Second, I resent psychologists using "evidence based" as a term. This, one
might think, implies that they have proof. Well no, no proof. It doesn't mean
that.

Ok, but surely it means that they have double blind statistical studies ? I
mean, that makes "evidence" very misleading, but ... Yes, but those studies
say there is no effect beyond placebo (in fact there are valid studies that
say that _all_ of psychiatry does not survive a double blind study). So
statistical analyses actually says this does _not_ work.

Ok, so what _does_ "evidence based" mean ? Well, it means they have a few
anecdotes of mostly temporary improvement ( _and_ lots of anecdotes of
disastrous outcomes, conveniently left out). Which certainly exist for
shooting depressive patients as well. Also they exist for not doing anything.

So why _did_ the doctor force this treatment on her ? Well, to get her out of
his clinic. You see, the way you get fired in a psychiatric department is to
have a few patients commit suicide in the department. And observation and
isolation only helps for so long. In practice, given 4-12 weeks of trying
people successfully commit suicide, even under 24 hour observation with no
tools in an isolation cell. This patient had gotten really close to doing
that, as mentioned in the article (which, incidentally, would be the
conditions this patient was held in prior to her getting asked if she'd agree
to this treatment. Which of course also means she is mostly happy with the
treatment because it got her out of an isolation cell, and still lives under
threat of returning to those conditions. Reality of psychiatric patients).

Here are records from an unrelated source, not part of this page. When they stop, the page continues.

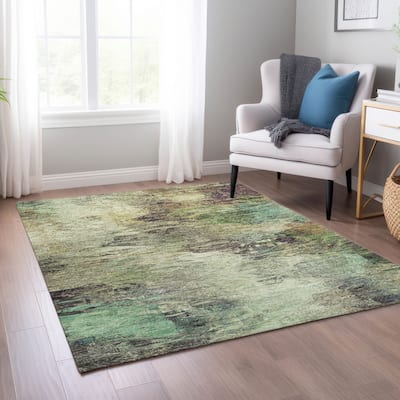 Machine Washable Indoor/ Outdoor Chantille Abstract Watercolor Rug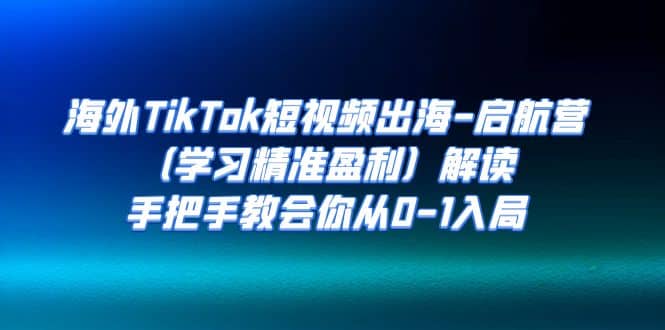 海外TikTok短视频出海-启航营（学习精准盈利）解读，手把手教会你从0-1入局网创吧-网创项目资源站-副业项目-创业项目-搞钱项目恒杨云站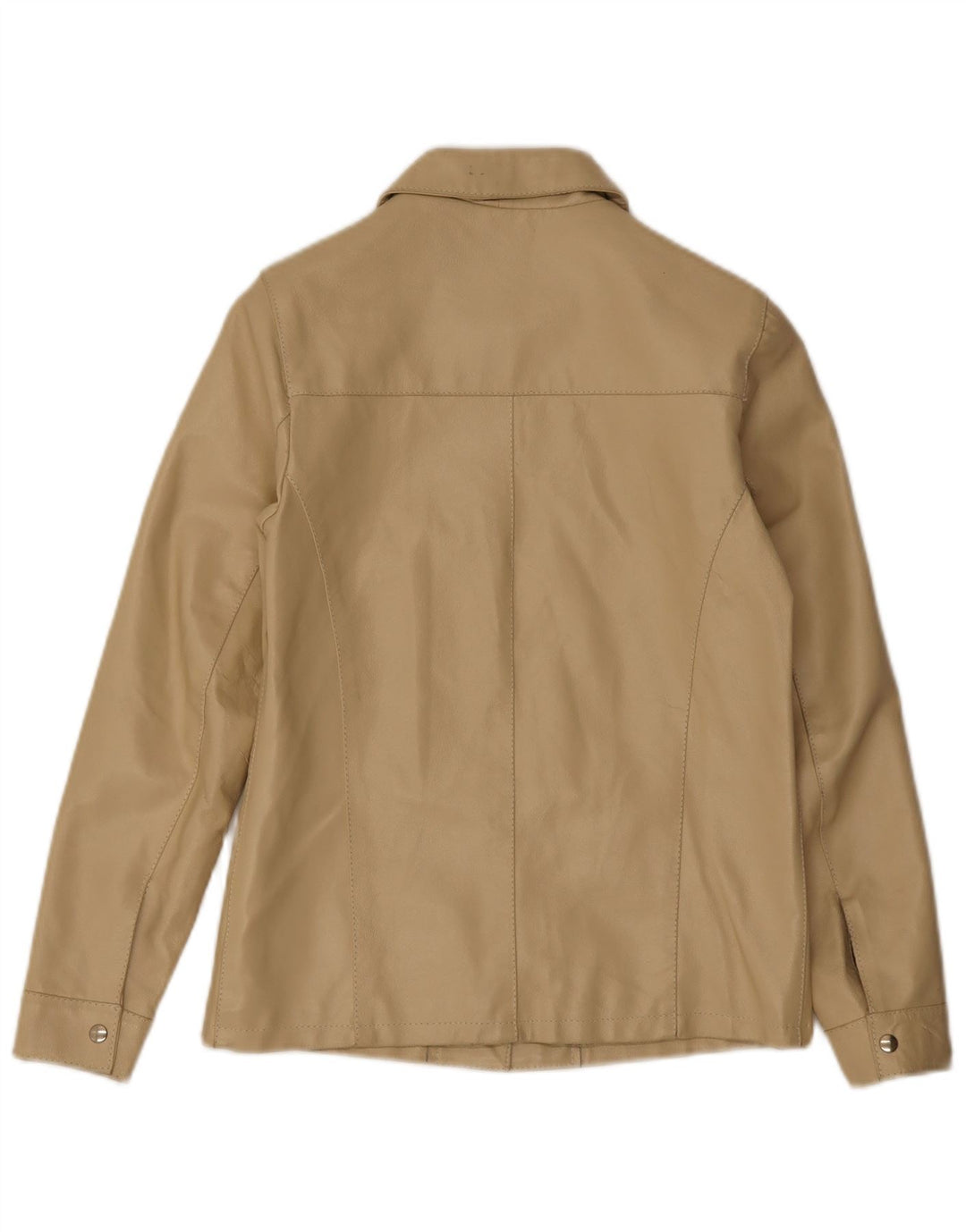 Giacca in pelle vintage da donna in pelle beige medio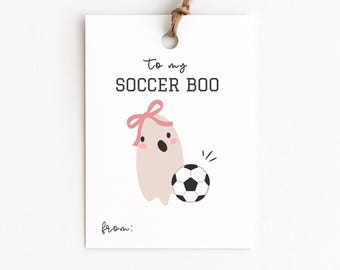 Girly Soccer Boo Halloween Gift Tags for Girls Soccer Team Favor Bags, Simple Pink Soccer Ghouls Tags for Little League Soccer Fall Party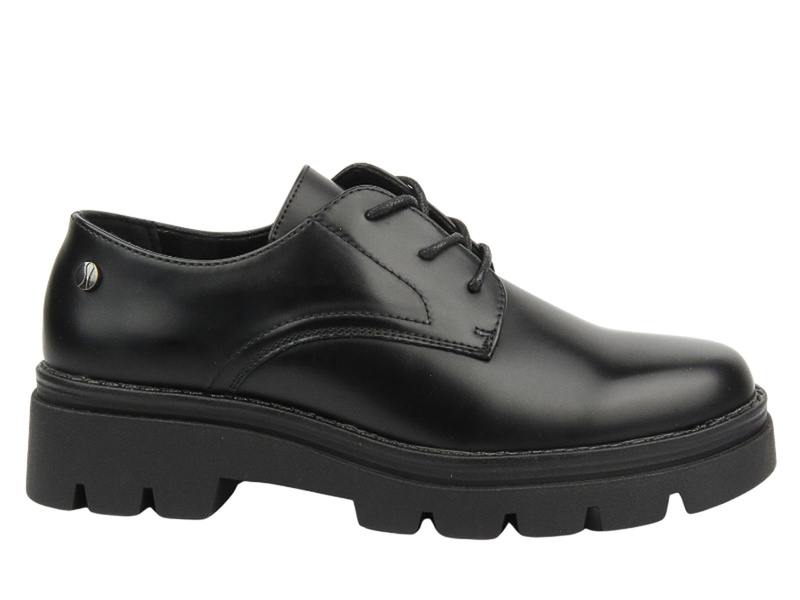 Skórzane półbuty damskie sznurowane - Inblu IC-32, czarne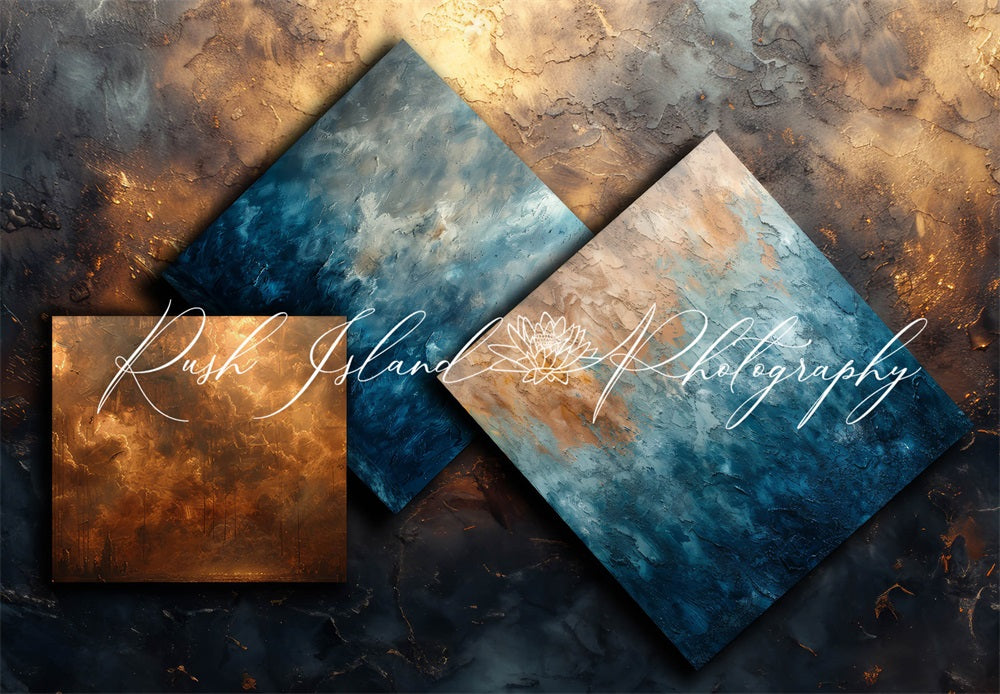 Kate 3 Square Gold and Blue Backdrop Designed by Laura Bybee - Kate Backdrop AU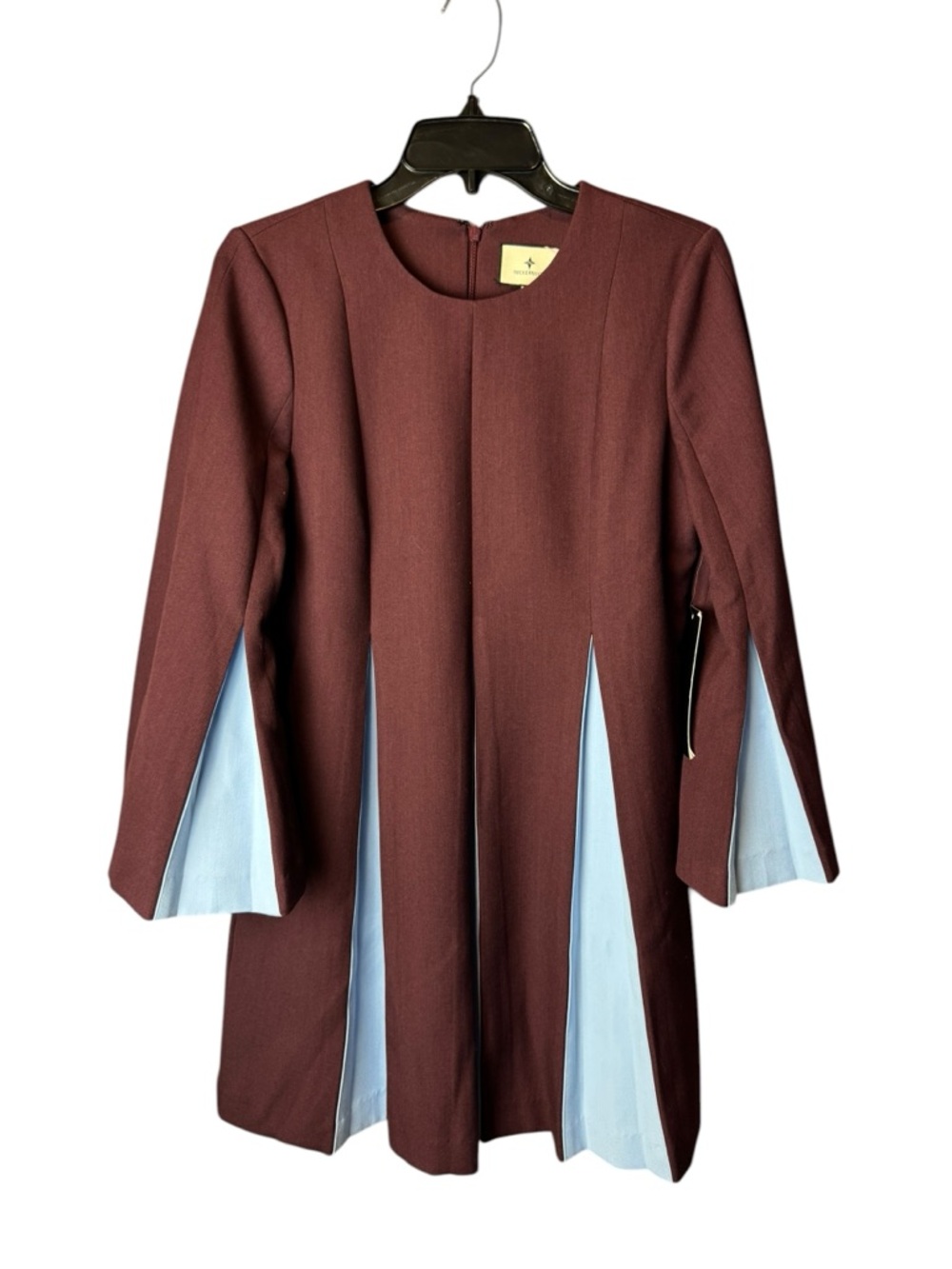 Tuckernuck Burgundy Merlot & Blue Pleated Dress S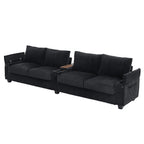 Canapé 4 places en velours côtelé 133 avec ports USB, porte-gobelets rabattables et rangement dissimulé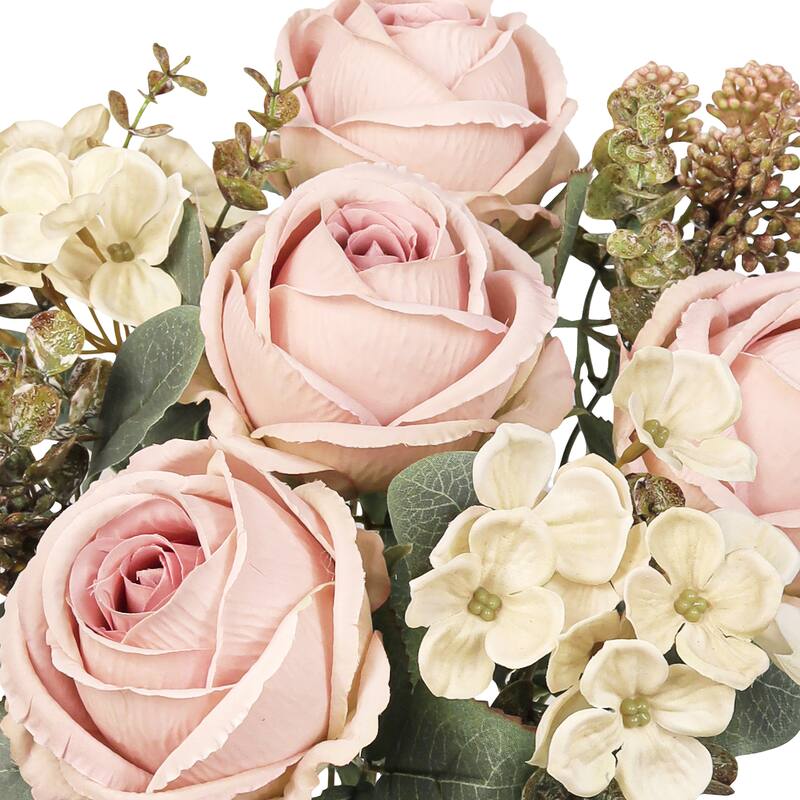 Set of 2 Blush Ivory Artificial Mixed Rose Hydrangea Berry Flower Stem Bush Bouquet 19in - 19" L x 10" W x 10" DP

So this is fact: this doctor forced permanent brain trauma on a patient
because he was calculating that this trauma would temporarily prevent the
patient from committing suicide, long enough so that she'd be out of his
department before she actually succeeds.

So reality is simply that this patient was forced to get ineffective treatment
that introduced permanent brain trauma against her wishes, with the decision
made under extreme stress (introduced by this doctor), and under threat. That
she got lucky and seems to be happy with it does not change that. PLUS she
might merely be happy that it got her out of the isolation cell she was forced
into for weeks/months before.

So let's go through your statement: > The majority of people who receive ECT
are successfully treated If you don't count the permanent cognitive
impairment, and the fact that most would have recovered without any help, then
sure "successfully".

> and go on to live fulfilling lives.

Nope, most relapse. Unless you count redoing suicide attempts after ~4 months
a sign of a fullfilling life. But of course, that's long enough to get them
out of the hospital and let the doctor/hospital "not be responsible".

> ECT is an evidence-based

Nope. I know this term "evidence-based" is used in psychiatric literature, but
that doesn't change the fact that it's bullshit, as explained.

> treatment for a

Nope. This is not a treatment by medical standards. For that to be the case
there would need to be validation. This wouldn't even satisfy the standards
for "experimental treatment", as that would require case-by-case review of an
ethics board, which hasn't happened here.

> life-threatening

Nope. The vast majority of patients recover from this without any help. So it
was not life threatening. Or at least, not any more

> medical

Nope, psychiatry is still not considered part of medicine by doctors.

> condition.

Well this is the only word in your sentence that was actually correct.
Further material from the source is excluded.